> **Work request**:
With pictures left out, please repeat word for word the lines from the one containing "Oversized Official Graffiti Graphic T-Shirt" through the end of the records.

> **Brief descriptive captions**:

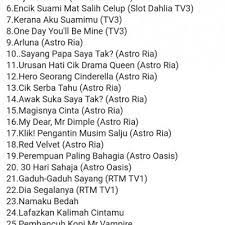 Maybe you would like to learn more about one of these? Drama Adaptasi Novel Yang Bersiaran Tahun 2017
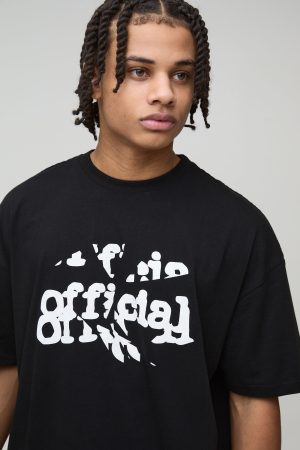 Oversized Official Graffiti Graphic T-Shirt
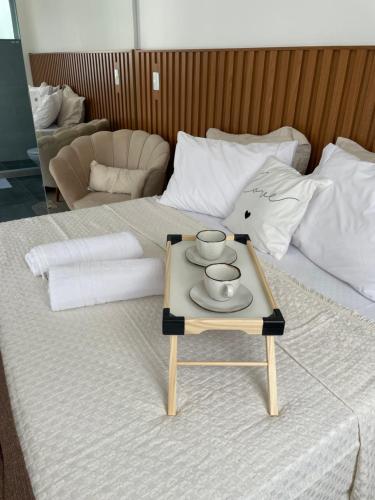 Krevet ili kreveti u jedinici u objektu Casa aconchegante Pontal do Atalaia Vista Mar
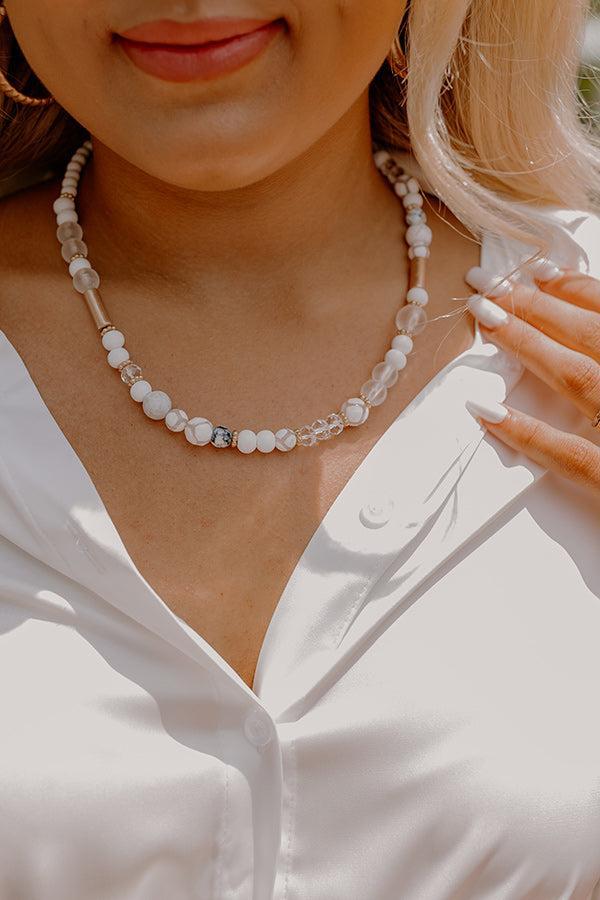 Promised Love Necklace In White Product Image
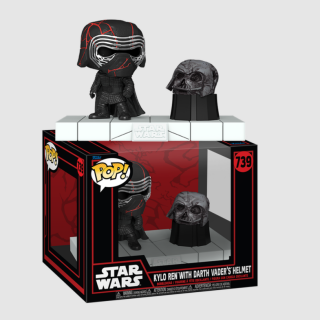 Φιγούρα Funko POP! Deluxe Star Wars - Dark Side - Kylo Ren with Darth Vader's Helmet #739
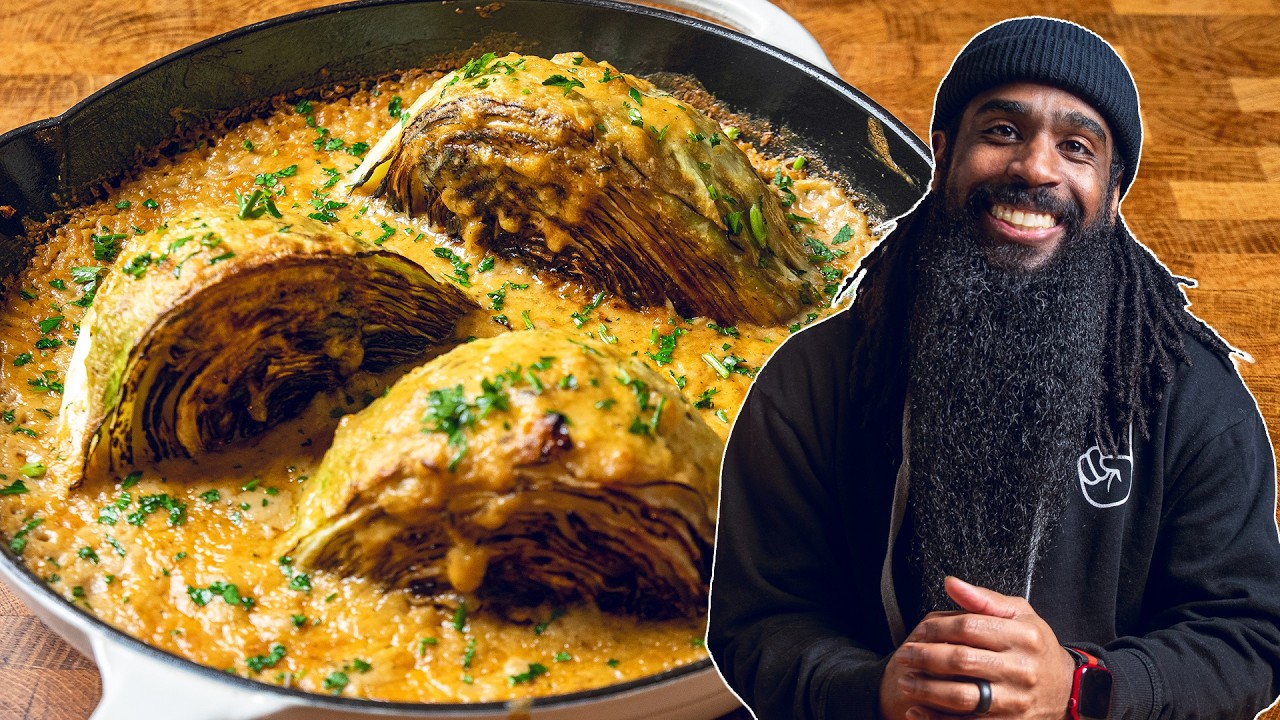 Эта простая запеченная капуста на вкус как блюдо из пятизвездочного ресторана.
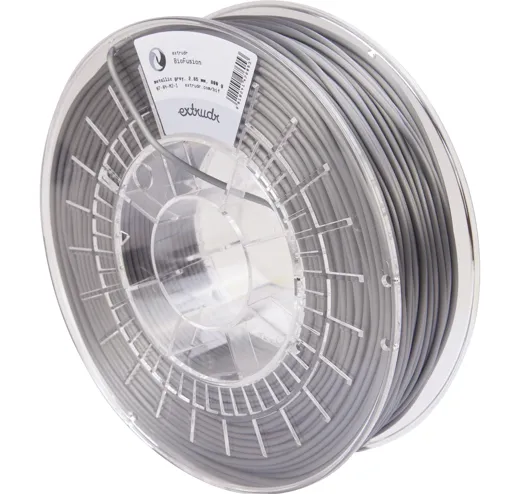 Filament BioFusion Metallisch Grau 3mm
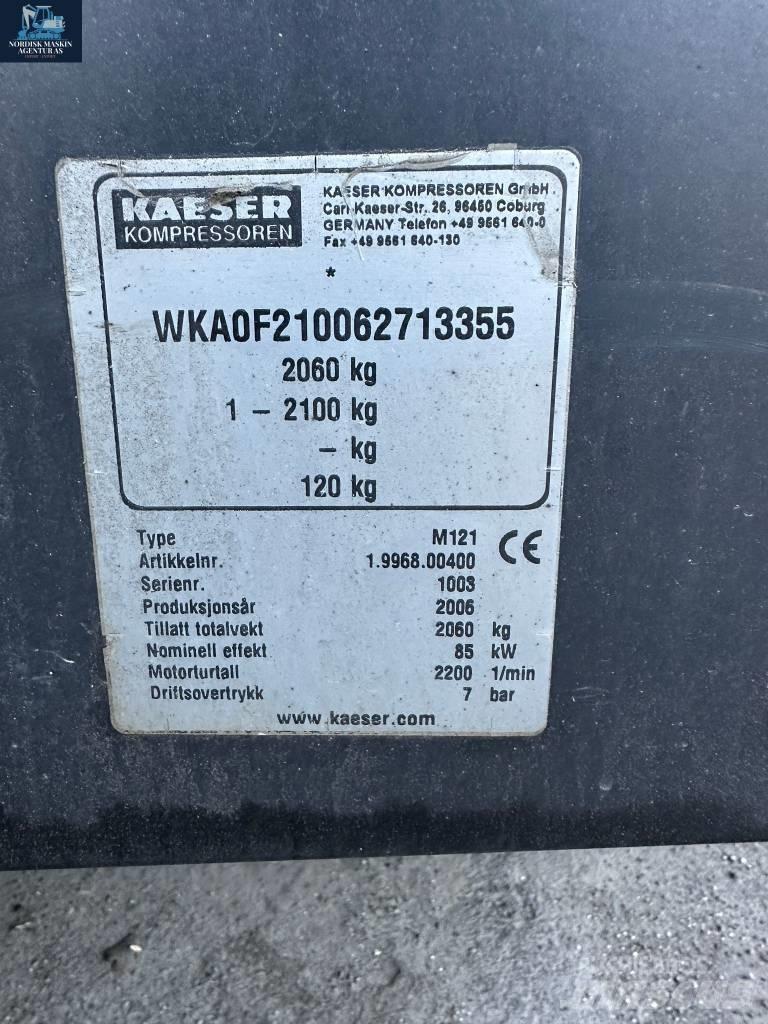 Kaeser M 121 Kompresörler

> **Answer**:
 Oversized Official Graffiti Graphic T-Shirt
 Krevet ili kreveti u jedinici u objektu Casa aconchegante Pontal do Atalaia Vista Mar
 Promised Love Necklace In White Product Image
 Φιγούρα Funko POP! Deluxe Star Wars - Dark Side - Kylo Ren with Darth Vader's Helmet #739
 Эта простая запеченная капуста на вкус как блюдо из пятизвездочного ресторана.
 Filament BioFusion Metallisch Grau 3mm
 Kaeser M 121 Kompresörler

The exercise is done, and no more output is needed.